⟨

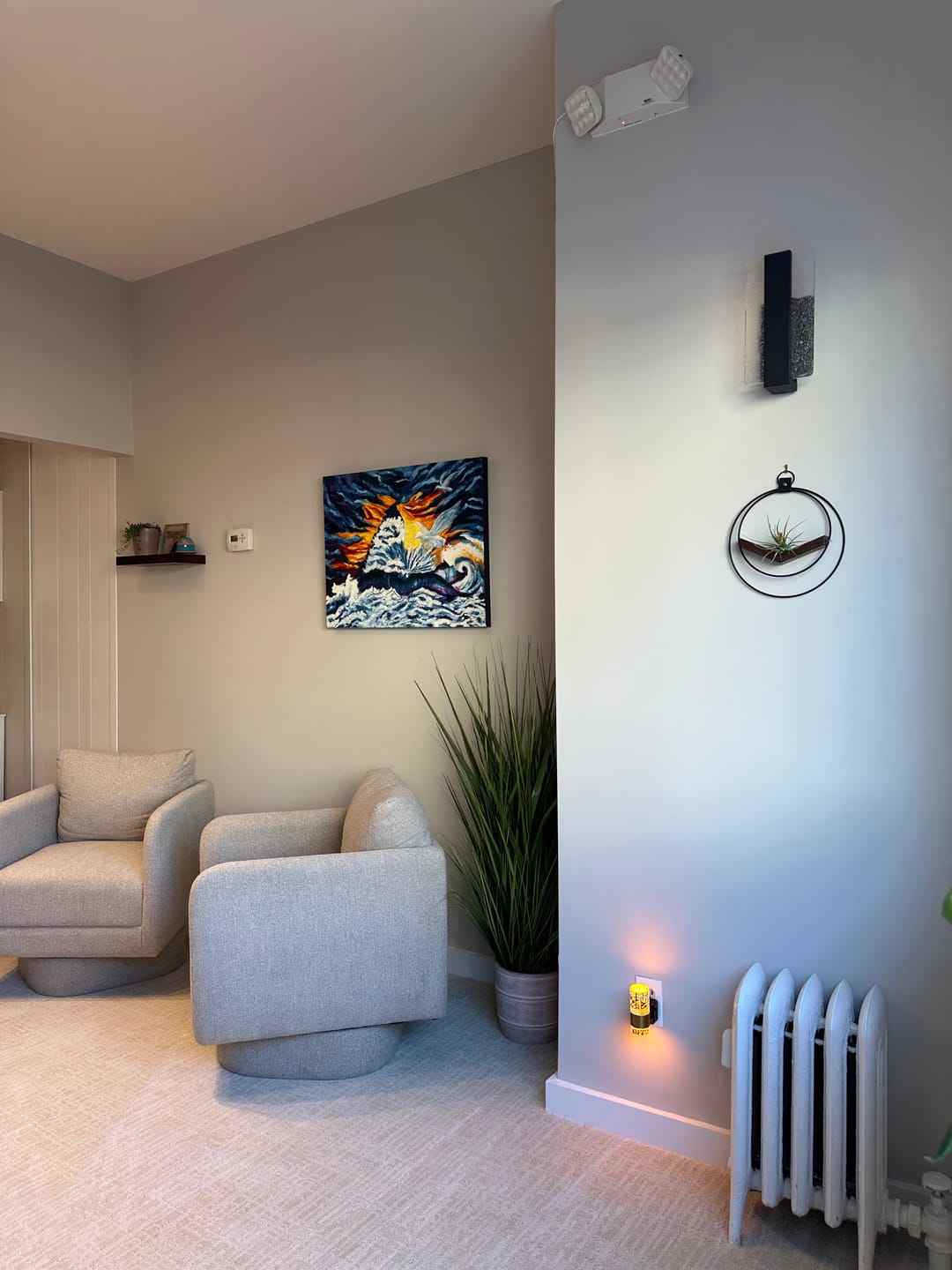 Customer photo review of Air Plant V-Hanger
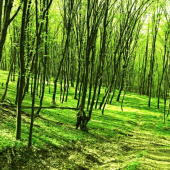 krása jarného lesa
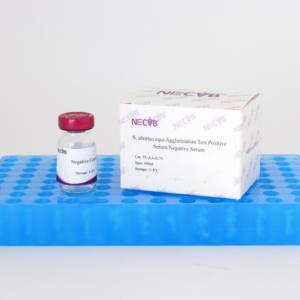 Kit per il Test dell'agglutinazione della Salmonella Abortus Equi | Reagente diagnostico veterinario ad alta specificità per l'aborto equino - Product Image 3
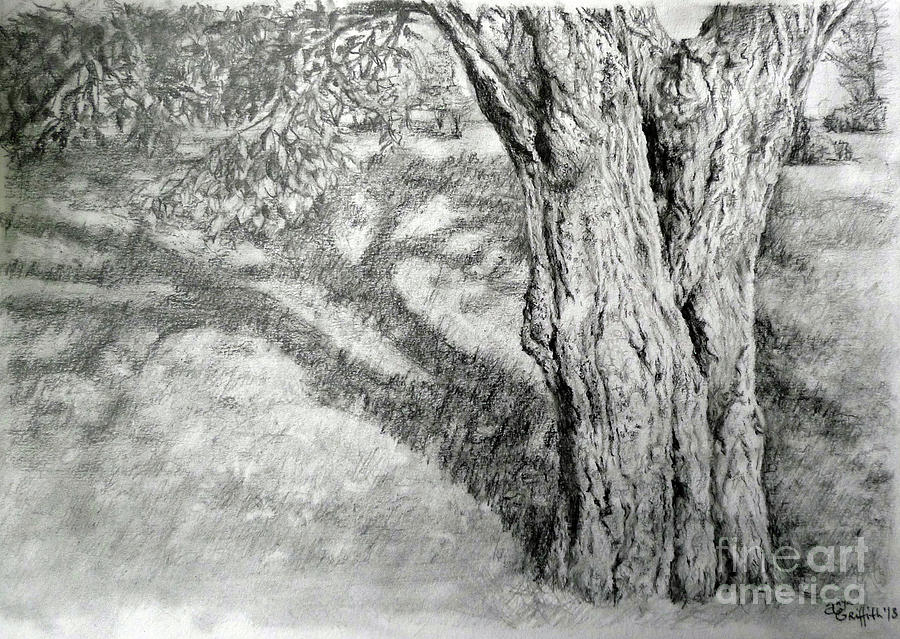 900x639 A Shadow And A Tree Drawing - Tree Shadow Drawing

⟩

Exercise: Reproduce the listing verbatim, pictures excluded.

Exercise result:
 Customer photo review of Air Plant V-Hanger
 krása jarného lesa
 Kit per il Test dell'agglutinazione della Salmonella Abortus Equi | Reagente diagnostico veterinario ad alta specificità per l'aborto equino - Product Image 3
 900x639 A Shadow And A Tree Drawing - Tree Shadow Drawing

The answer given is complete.